--- ABOUT THIS TASK ---
In the entries that follow, the lines from the one with "5 szintes füstös" through the one with "xDfind 磁気三粒シリコンウォッチバンド、Apple Watch" are the ones to write out, exactly and with both ends included. Nothing else should appear.

--- PROVIDED DATA ---
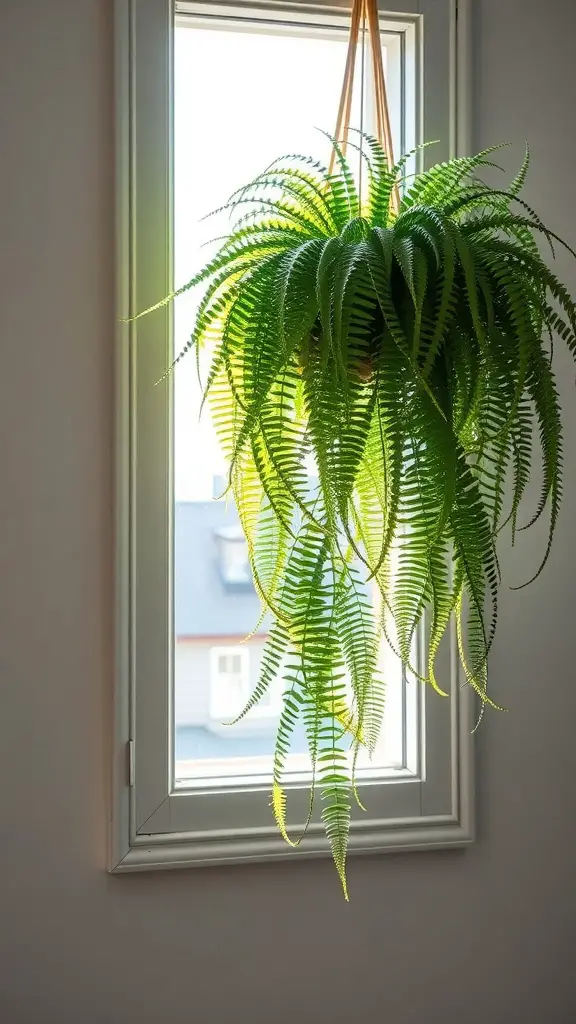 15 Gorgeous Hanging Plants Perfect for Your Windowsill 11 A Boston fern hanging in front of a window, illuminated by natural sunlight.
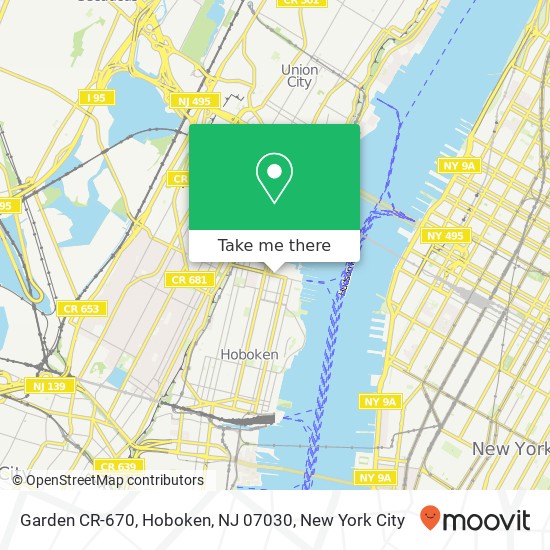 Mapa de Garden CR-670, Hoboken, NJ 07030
...
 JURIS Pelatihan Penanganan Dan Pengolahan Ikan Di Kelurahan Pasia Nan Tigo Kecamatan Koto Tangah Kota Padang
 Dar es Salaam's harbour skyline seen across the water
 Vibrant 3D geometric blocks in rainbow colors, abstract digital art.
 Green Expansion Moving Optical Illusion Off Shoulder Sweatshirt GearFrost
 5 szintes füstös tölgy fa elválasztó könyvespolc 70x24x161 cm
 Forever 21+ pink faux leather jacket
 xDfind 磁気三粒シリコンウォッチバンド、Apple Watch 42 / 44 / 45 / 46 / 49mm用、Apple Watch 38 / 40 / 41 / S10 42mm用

--- WRITTEN ANSWER ---
 5 szintes füstös tölgy fa elválasztó könyvespolc 70x24x161 cm
 Forever 21+ pink faux leather jacket
 xDfind 磁気三粒シリコンウォッチバンド、Apple Watch 42 / 44 / 45 / 46 / 49mm用、Apple Watch 38 / 40 / 41 / S10 42mm用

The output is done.